Task requirements —
In this exercise, retype exactly and only the lines from the top of the entries below through the line that holds "Picos de Europa", omitting pictures.

[Recorded data]
BEGIN

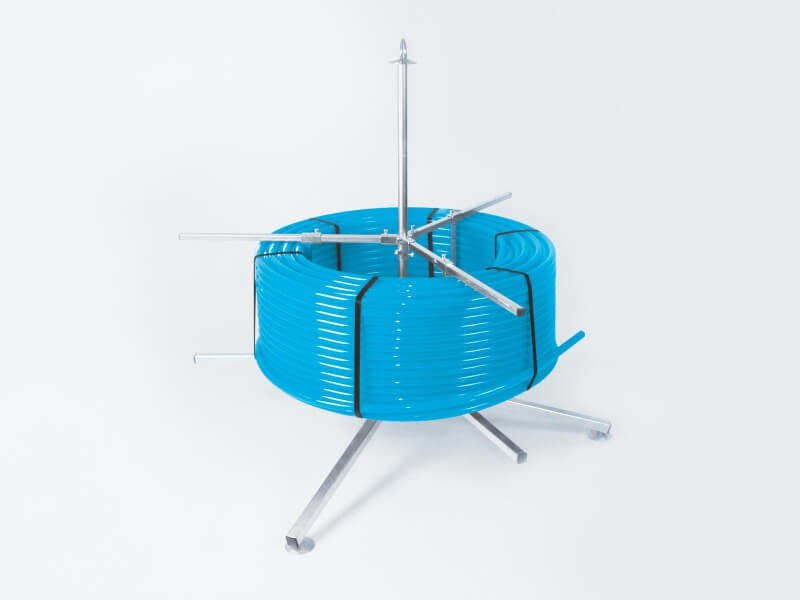 Buizenhaspel / afwikkelapparaat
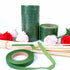 6 Rolls Green Self Adhesive Florist Floral Tape craft supply Stem Wrap 27m AUS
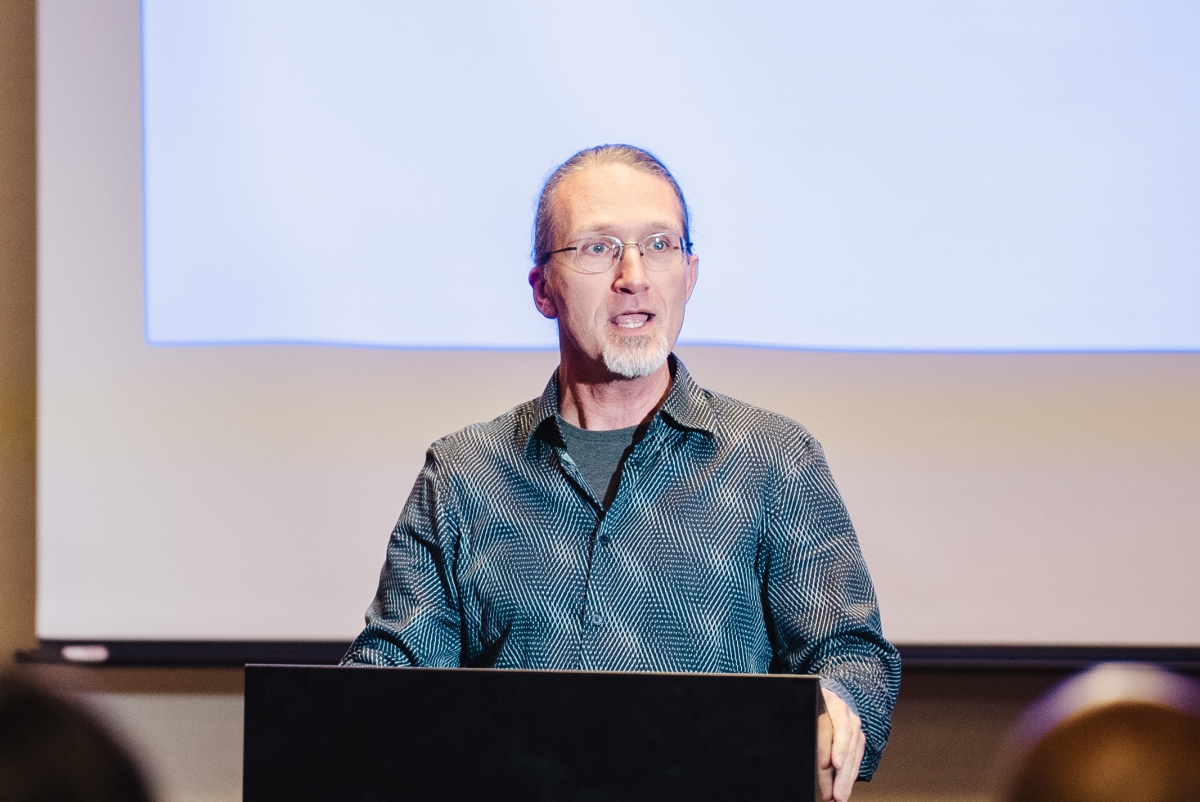 Jason [Last Name] presenting about AI and business automation to local business owners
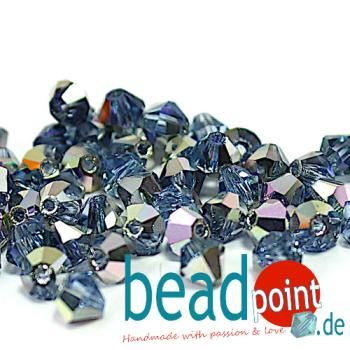Delara MC Bead Bicone Light Sapphire Sakura 4mm 720 Stk.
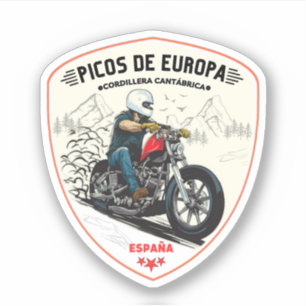 Picos de Europa spanish Cantabrian Mountains Sticker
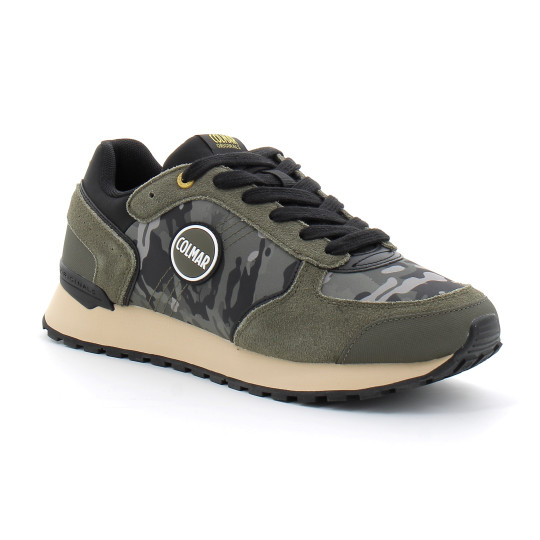 Baskets à lacets pour homme Travis green-black travis-c-028-24aw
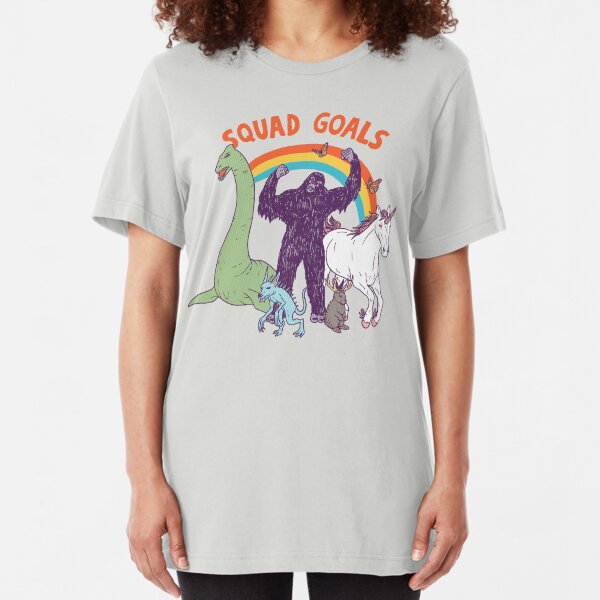 Squad Goals Slim Fit T-Shirt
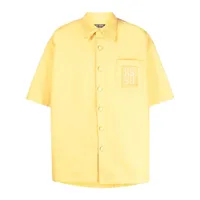 raf simons chemise en jean à patch logo - jaune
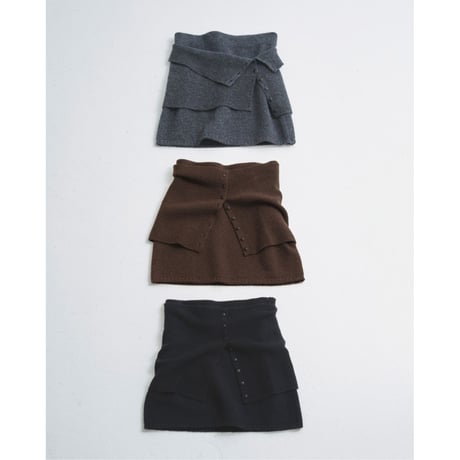 【TODAYFUL】Layered Knit Skirt　※納期11月中～12月中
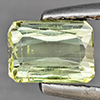 Natural Green Tourmaline Gemstones 0.97 Ct. Octagon Shape 6.2 x 46 Mm.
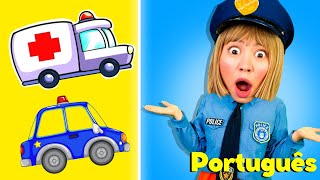 Carro de Policía  Videos Para Niños  Canciones Infantiles  Coco Froco Español [upl. by Duky]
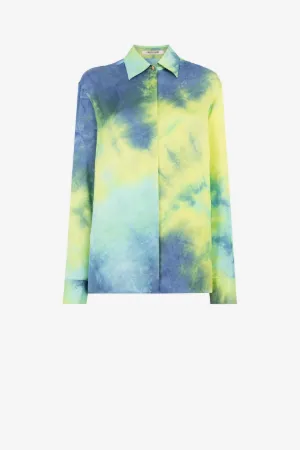 tie-dye print shirt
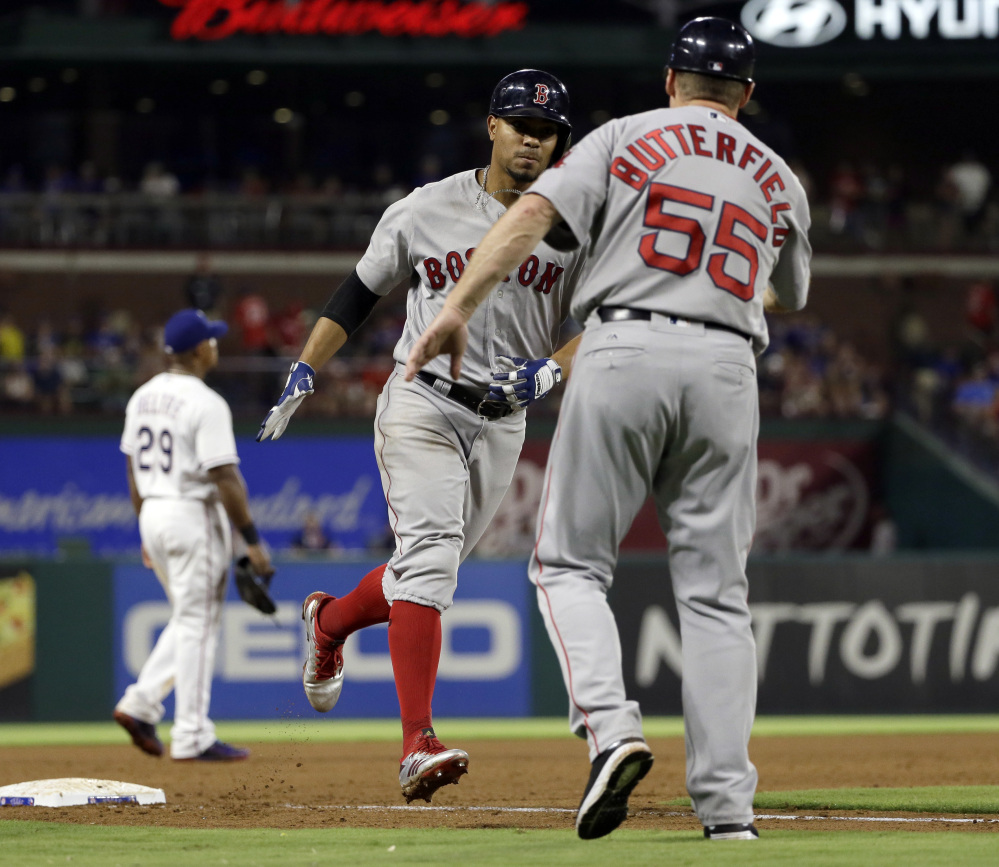 The only Red Sox highlight of the night was Xander Bogaerts' two-run home run in the sixth inning.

END

Problem solution —
 Buizenhaspel / afwikkelapparaat
 6 Rolls Green Self Adhesive Florist Floral Tape craft supply Stem Wrap 27m AUS
 Jason [Last Name] presenting about AI and business automation to local business owners
Delara MC Bead Bicone Light Sapphire Sakura 4mm 720 Stk.
 Picos de Europa spanish Cantabrian Mountains Sticker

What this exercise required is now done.